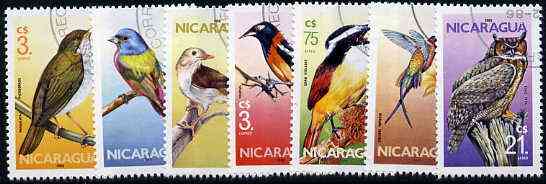 Nicaragua 1986 Birds complete set of 7 very fine cto used, SG 2724-30*, stamps on , stamps on  stamps on birds, stamps on  stamps on thrush, stamps on  stamps on nightingale, stamps on  stamps on owls, stamps on  stamps on bunting, stamps on  stamps on birds of prey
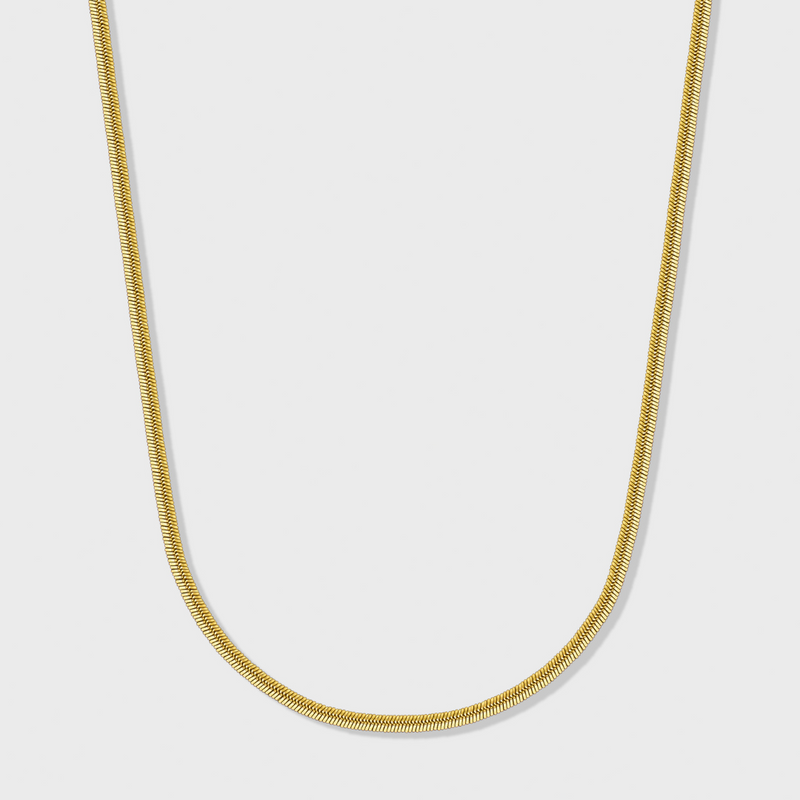 Flat Snake Chain (Gold) - 2mm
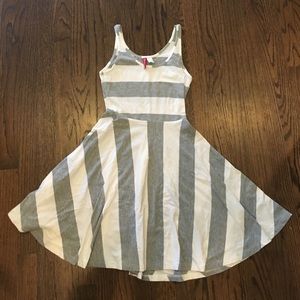 H&M grey and white striped skater dress
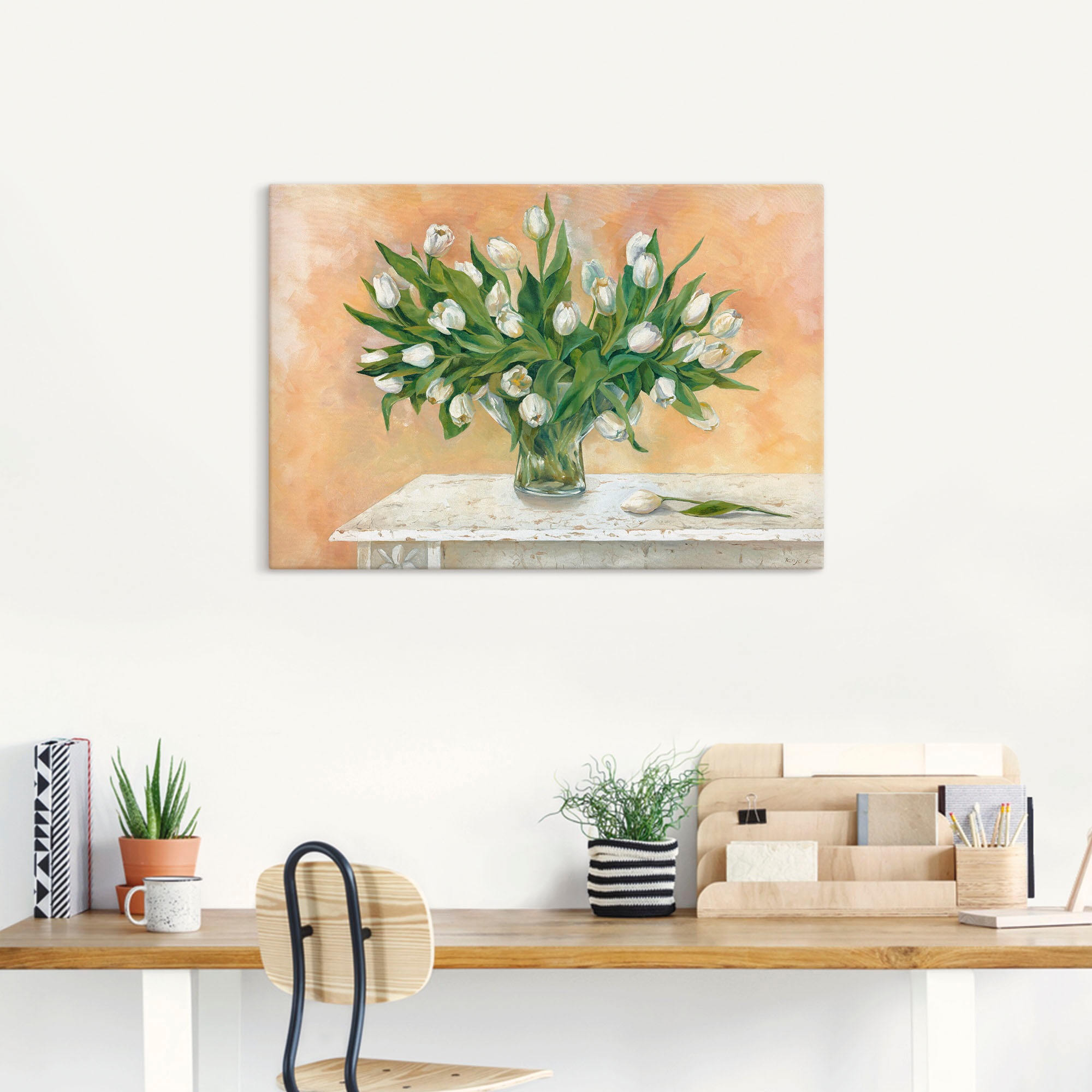Artland Leinwandbild "Weiße Tulpen II" Blumen 1 Stk. tlg. auf Keilrahmen ge günstig online kaufen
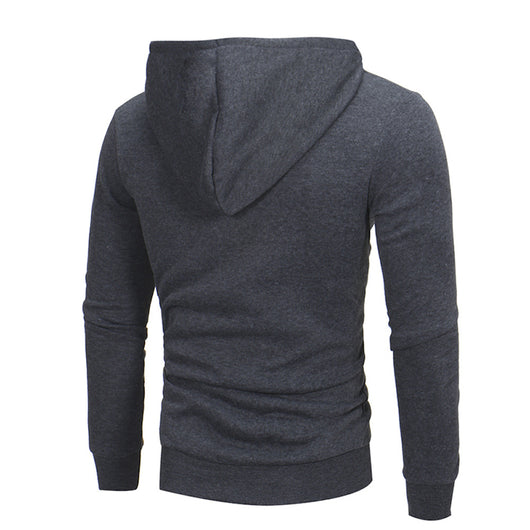 Sudadera con Capucha y Cierre Diagonal - Suéter Sólido para Hombre - Image 12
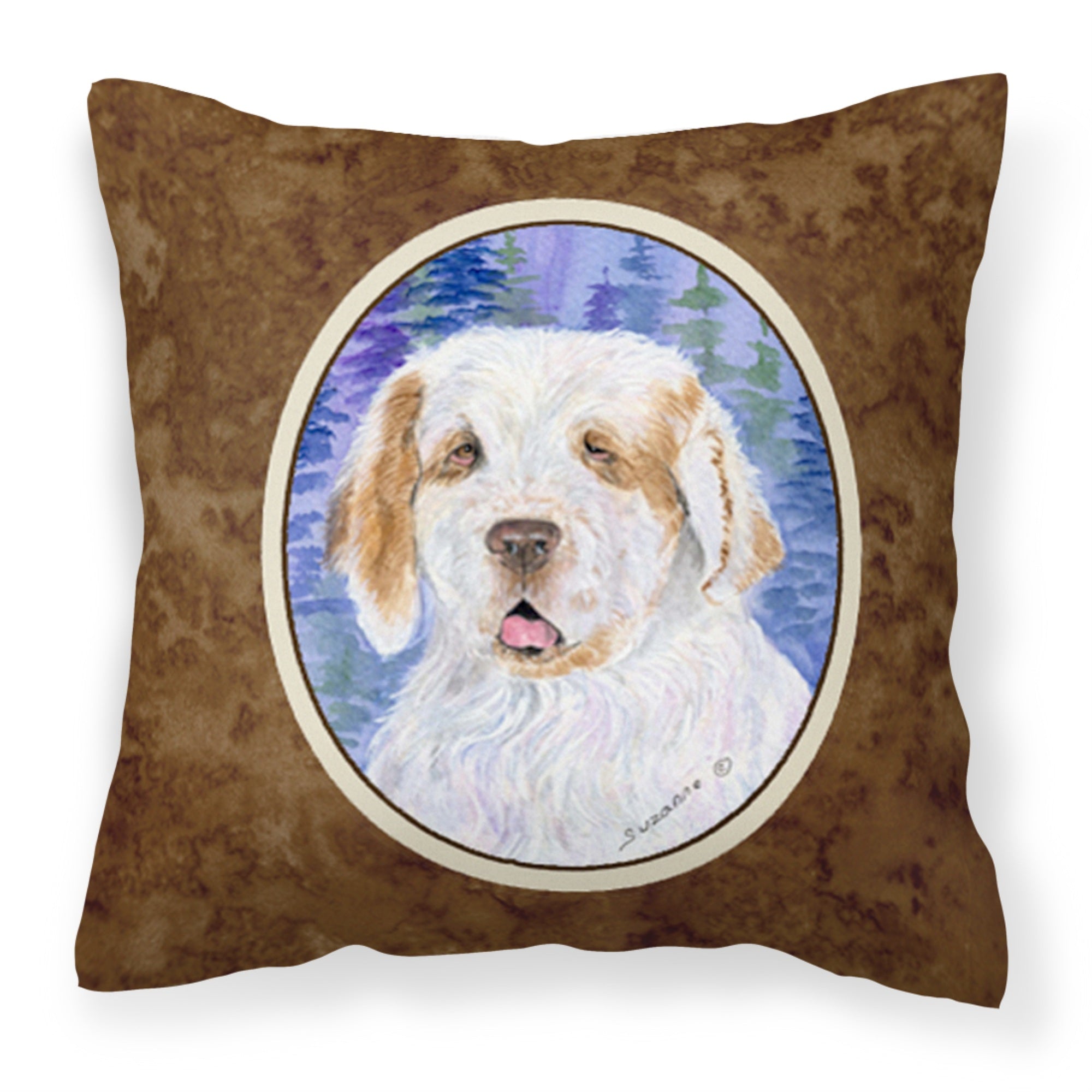 'Caroline'S Treasures Ss8008Pw1414 Clumber Spaniel Decorative Canvas Fabric Pillow, Large, Multicolor'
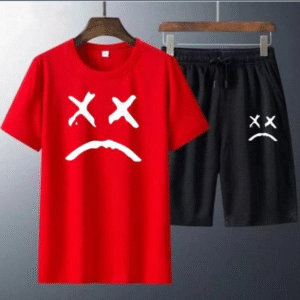 2 Piece Men's Striped Printed Polyester T-Shirt and Shorts Set Red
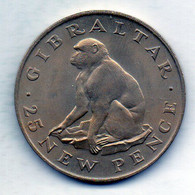 GIBRALTAR, 25 New Pence, Copper-Nickel, Year 1971, KM #5 - Gibraltar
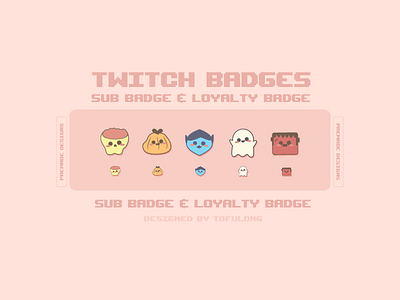 Cute Spooky Friends Twitch Badges Design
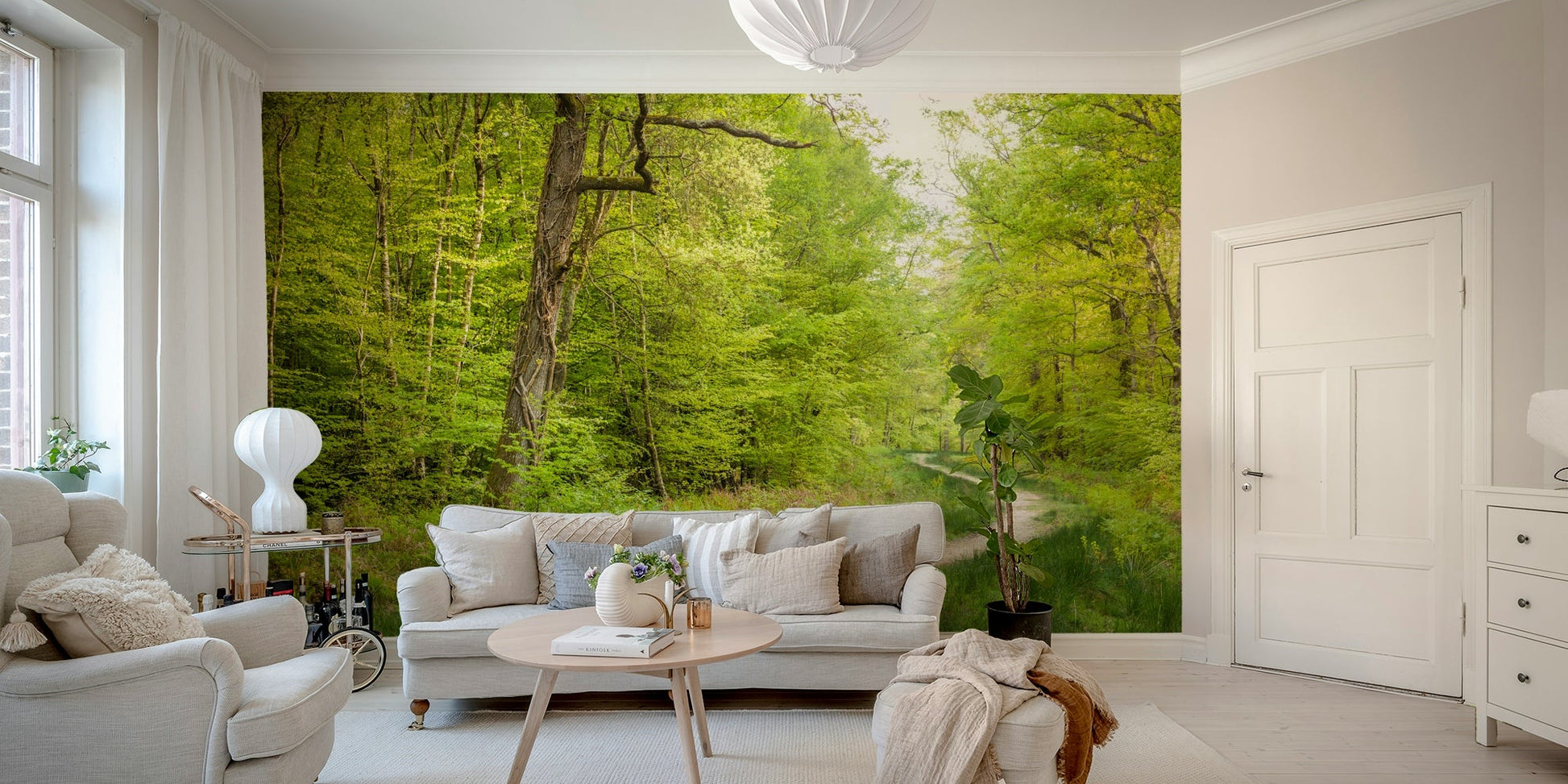 Peaceful woodland scene wall mural

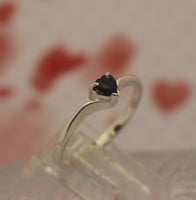 LR779 Natural Heart shape Sapphire set in a Sterling Silver ring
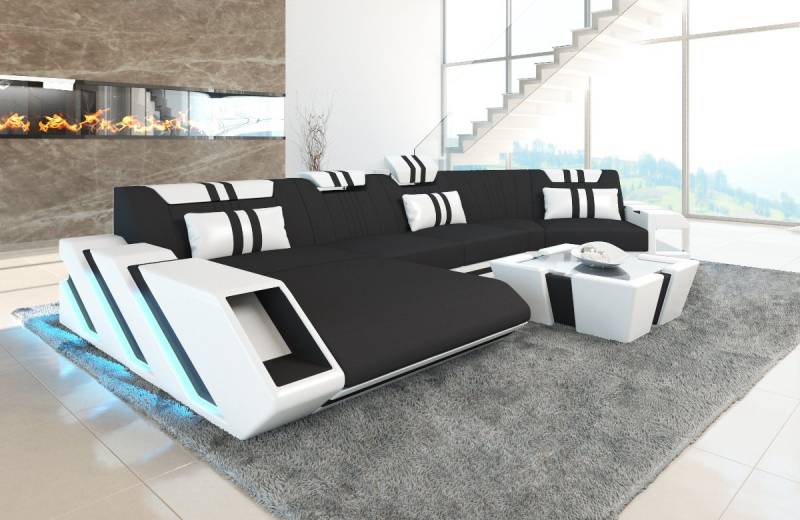 Sofa Dreams Wohnlandschaft Stoff Sofa Apollonia C Form Stoffsofa Polster Couch Sofa, mit LED, wahlweise mit Bettfunktion als Schlafsofa, Designersofa Sofa Dreams Wohnlandschaft Stoff Sofa Apollonia C Form Stoffsofa Polster Couch Sofa, mit LED, wahlweise mit Bettfunktion als Schlafsofa, Designersofa von Sofa Dreams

■ Task to complete
Take every entry and repeat it verbatim, minus the pictures.

■ Response to the exercise
 Nicaragua 1986 Birds complete set of 7 very fine cto used, SG 2724-30*, stamps on , stamps on  stamps on birds, stamps on  stamps on thrush, stamps on  stamps on nightingale, stamps on  stamps on owls, stamps on  stamps on bunting, stamps on  stamps on birds of prey
 Flat Snake Chain (Gold) - 2mm
 H&M grey and white striped skater dress
Artland Leinwandbild "Weiße Tulpen II" Blumen 1 Stk. tlg. auf Keilrahmen ge günstig online kaufen
 Sudadera con Capucha y Cierre Diagonal - Suéter Sólido para Hombre - Image 12
 'Caroline'S Treasures Ss8008Pw1414 Clumber Spaniel Decorative Canvas Fabric Pillow, Large, Multicolor'
 2 Piece Men's Striped Printed Polyester T-Shirt and Shorts Set Red
 GIBRALTAR, 25 New Pence, Copper-Nickel, Year 1971, KM #5 - Gibraltar
 Cute Spooky Friends Twitch Badges Design
 Peaceful woodland scene wall mural

 LR779 Natural Heart shape Sapphire set in a Sterling Silver ring
 Sofa Dreams Wohnlandschaft Stoff Sofa Apollonia C Form Stoffsofa Polster Couch Sofa, mit LED, wahlweise mit Bettfunktion als Schlafsofa, Designersofa Sofa Dreams Wohnlandschaft Stoff Sofa Apollonia C Form Stoffsofa Polster Couch Sofa, mit LED, wahlweise mit Bettfunktion als Schlafsofa, Designersofa von Sofa Dreams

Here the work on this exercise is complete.